YOUR OBJECTIVE:
Lines before the one containing "Vtg Dakin Harespray" are left out; that line and all after it, through the end of the records, must be transcribed exactly.

Short text fragments from websites:
########################################
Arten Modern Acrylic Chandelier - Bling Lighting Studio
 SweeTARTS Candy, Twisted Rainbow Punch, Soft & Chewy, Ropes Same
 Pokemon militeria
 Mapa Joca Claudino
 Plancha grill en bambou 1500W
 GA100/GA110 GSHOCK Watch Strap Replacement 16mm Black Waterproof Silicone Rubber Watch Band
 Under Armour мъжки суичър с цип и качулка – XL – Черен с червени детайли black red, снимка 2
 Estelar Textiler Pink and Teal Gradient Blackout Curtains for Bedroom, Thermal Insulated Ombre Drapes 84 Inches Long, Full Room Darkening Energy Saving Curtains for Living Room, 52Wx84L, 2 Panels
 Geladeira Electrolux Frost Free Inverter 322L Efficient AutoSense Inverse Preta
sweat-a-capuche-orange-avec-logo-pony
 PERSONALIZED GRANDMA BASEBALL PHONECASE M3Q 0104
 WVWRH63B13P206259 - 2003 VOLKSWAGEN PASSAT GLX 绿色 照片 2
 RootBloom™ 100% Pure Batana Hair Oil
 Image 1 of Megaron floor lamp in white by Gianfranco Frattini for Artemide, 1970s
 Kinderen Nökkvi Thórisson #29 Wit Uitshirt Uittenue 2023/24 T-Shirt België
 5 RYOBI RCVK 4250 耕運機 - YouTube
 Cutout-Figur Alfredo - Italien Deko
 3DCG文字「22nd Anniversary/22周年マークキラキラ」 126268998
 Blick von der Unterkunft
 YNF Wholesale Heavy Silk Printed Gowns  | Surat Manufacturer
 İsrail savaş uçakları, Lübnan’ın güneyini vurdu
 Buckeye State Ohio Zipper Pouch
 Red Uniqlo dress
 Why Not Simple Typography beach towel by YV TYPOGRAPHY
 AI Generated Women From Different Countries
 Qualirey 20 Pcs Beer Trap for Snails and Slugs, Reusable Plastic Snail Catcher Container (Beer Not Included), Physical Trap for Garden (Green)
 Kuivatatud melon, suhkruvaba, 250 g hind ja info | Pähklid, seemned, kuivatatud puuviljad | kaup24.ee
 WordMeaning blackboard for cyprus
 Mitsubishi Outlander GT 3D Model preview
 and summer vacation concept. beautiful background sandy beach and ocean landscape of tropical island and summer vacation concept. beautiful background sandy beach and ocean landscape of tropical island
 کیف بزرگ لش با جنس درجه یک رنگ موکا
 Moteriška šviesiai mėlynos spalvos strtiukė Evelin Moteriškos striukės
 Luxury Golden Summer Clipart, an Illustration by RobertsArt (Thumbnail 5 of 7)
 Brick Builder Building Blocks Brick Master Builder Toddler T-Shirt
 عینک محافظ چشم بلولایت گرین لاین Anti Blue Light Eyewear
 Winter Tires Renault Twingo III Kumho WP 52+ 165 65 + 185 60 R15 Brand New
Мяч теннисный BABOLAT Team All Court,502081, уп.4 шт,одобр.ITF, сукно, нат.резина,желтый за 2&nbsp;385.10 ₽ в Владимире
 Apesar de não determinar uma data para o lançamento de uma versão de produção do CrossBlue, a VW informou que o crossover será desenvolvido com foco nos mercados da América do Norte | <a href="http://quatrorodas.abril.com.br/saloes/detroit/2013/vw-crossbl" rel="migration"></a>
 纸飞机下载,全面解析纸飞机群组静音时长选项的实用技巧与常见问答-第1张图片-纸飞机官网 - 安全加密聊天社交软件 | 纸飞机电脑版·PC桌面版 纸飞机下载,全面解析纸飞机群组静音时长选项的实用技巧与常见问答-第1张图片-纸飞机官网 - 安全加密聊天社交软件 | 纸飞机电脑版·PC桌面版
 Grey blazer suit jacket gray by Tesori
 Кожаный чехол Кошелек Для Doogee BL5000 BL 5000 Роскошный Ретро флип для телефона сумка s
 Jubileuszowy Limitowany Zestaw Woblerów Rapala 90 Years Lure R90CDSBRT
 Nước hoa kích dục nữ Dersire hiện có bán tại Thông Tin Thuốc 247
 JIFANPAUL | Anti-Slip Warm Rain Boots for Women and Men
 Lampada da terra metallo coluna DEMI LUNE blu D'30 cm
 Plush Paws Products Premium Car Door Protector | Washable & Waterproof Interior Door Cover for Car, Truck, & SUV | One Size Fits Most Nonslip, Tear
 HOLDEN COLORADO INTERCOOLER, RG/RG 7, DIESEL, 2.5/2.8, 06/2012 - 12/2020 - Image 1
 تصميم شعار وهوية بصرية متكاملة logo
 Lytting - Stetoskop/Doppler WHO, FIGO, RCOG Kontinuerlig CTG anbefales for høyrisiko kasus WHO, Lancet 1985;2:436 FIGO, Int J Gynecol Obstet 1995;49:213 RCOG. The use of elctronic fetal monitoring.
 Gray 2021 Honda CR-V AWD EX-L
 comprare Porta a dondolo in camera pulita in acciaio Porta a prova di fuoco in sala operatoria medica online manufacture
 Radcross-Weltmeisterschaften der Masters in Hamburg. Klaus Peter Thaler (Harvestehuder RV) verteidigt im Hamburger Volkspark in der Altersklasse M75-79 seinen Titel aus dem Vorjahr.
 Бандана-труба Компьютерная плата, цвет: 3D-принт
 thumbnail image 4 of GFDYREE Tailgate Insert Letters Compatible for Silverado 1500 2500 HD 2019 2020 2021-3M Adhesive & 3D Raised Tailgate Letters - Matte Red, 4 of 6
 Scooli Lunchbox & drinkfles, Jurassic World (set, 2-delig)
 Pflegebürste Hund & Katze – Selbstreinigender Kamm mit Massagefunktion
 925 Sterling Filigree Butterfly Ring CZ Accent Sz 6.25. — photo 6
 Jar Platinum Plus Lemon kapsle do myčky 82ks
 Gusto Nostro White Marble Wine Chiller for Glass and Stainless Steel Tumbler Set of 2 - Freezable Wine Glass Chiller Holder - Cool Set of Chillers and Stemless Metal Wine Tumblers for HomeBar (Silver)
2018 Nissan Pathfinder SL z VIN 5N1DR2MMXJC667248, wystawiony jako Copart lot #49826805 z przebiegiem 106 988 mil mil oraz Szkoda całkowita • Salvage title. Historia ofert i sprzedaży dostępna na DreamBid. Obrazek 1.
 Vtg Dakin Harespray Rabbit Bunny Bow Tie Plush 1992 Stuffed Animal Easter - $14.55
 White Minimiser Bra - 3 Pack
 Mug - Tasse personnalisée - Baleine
########################################
ANSWER BOX:
 Vtg Dakin Harespray Rabbit Bunny Bow Tie Plush 1992 Stuffed Animal Easter - $14.55
 White Minimiser Bra - 3 Pack
 Mug - Tasse personnalisée - Baleine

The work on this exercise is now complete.